Figure 1 summarizes entities and relationships as they are used within the

proposed model: privacy regulations contain rules and laws which regulate how users

might access to data; privacy objectives are specific of a given data domain, and some

privacy regulations can share some privacy objectives.

This eases the reuse of some POs for different privacy regulations, when they

insist on similar data domains or involve similar entities. For instance, the PO: “Never

deliver information on individual address”, could be used in different privacy

regulations. Reusing a PO could mean reusing a subset of the rules which implement

it.

Each PO can be realized with one or more rules, which act at database level: rules

are specific of a given database design.

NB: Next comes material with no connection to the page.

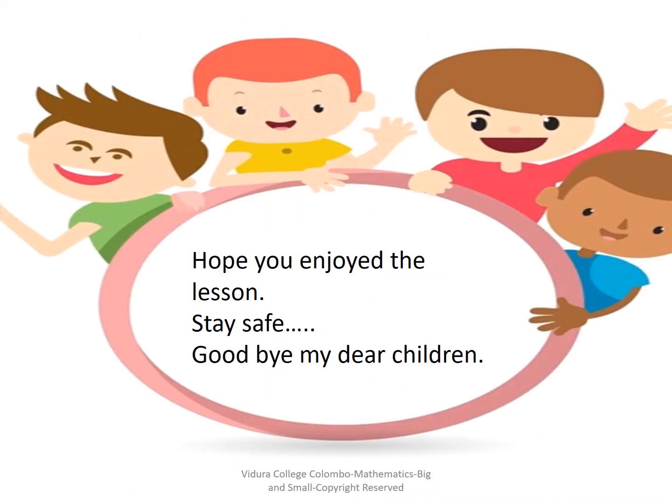Okay children, now we have come to the end of this lesson. Hope you enjoyed this lesson as well. Stay safe. Goodbye.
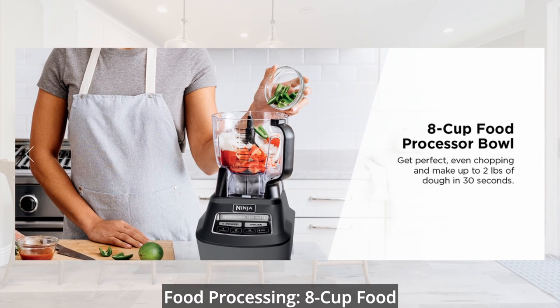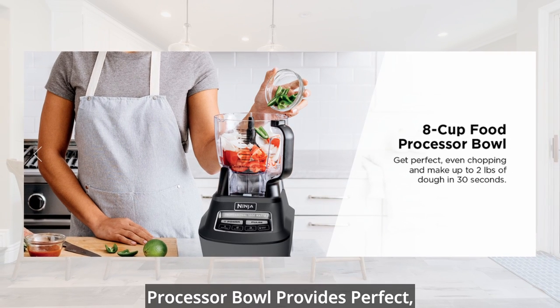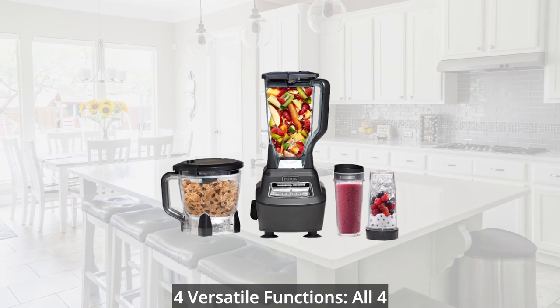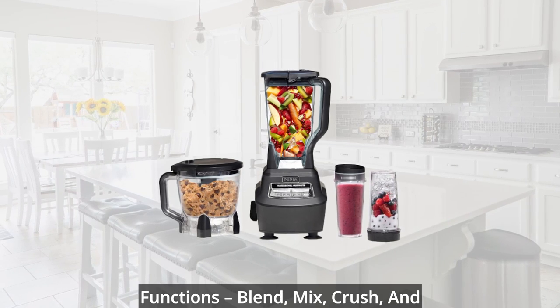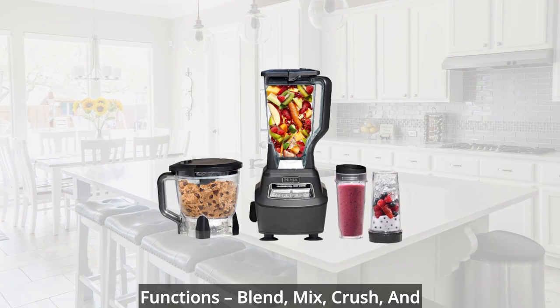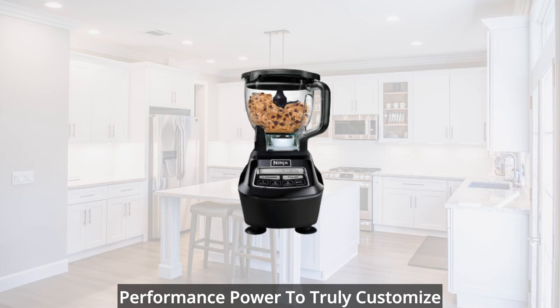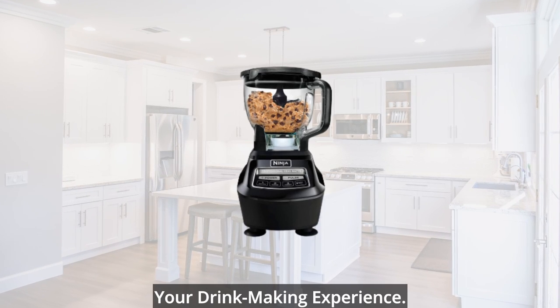Food processing: the 8-cup food processor bowl provides perfect, even chopping and makes up to 2 pounds of dough in just 30 seconds. 4 versatile functions — blend, mix, crush, and single serve — utilize 1,500 watts of performance power to truly customize your drink-making experience.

This entails that, if the same information

could be obtained with a particular query, it is possible simply to add a rule which

could ban that specific interrogation.

Thanks to the layered structure, adding, changing, or modifying a PO or a rule has

a limited impact on the overall structure.

4 Validation of the Data Privacy Policy

The proposed approach needs to be validated properly, in order to be actually

applicable. Validation phases are described below.

Completeness of Rules Set with Respect to the Database Design. The privacy

policy is defined throughout a set of POs, which are implemented by a set of rules. As

a PO indicates the access modes for handling a specific piece of information, the set

of rules that implement that privacy objective must refer to all the database fields that

contribute to form the information. Please consider that this is not a trivial property to

verify, as the same information could be formed by fields belonging to different

tables.

Definition 1. A Rule Set RS is PO-complete with respect to a PO if all the

elementary data items that make up the information managed by the PO are

completely covered by the RS.

If the RS is not complete, a malicious attack could exploit the fields not controlled

by the RS to obtain information which could not be delivered.

Example. Let’s consider this PO: “Enterprise can not read the final grade of

students, if final grade is less than 100”. Let’s suppose that the correspondent RL

include only the following rule:

159

• No select Name, FinalGrade From Students where FinalGrade<100.

If another relation exists where it is possible to obtain the same information with a

query like this: “select avg(examgrade) from ExamLog where avg(examgrade) < 100

group by IDStudent”, then the RS is not complete and a new rule must be added:

• “No select avg(examgrade) From ExamLog group by IDStudent”.

Completeness and Correctness of the POs with Respect to Data Domain. The set

of POs refers to all the information contained within a specific data domain. In order

to make effective the privacy policy, the POs should be defined upon a complete and

correct representation of the data domain. As a matter of fact, if some entities or some

relationships are missing in the data model, or they are not correctly represented, the

Definition 2. A set of POs is Domain-complete, if it includes all the entities and

relationships which constitute the information concerned by the privacy policy.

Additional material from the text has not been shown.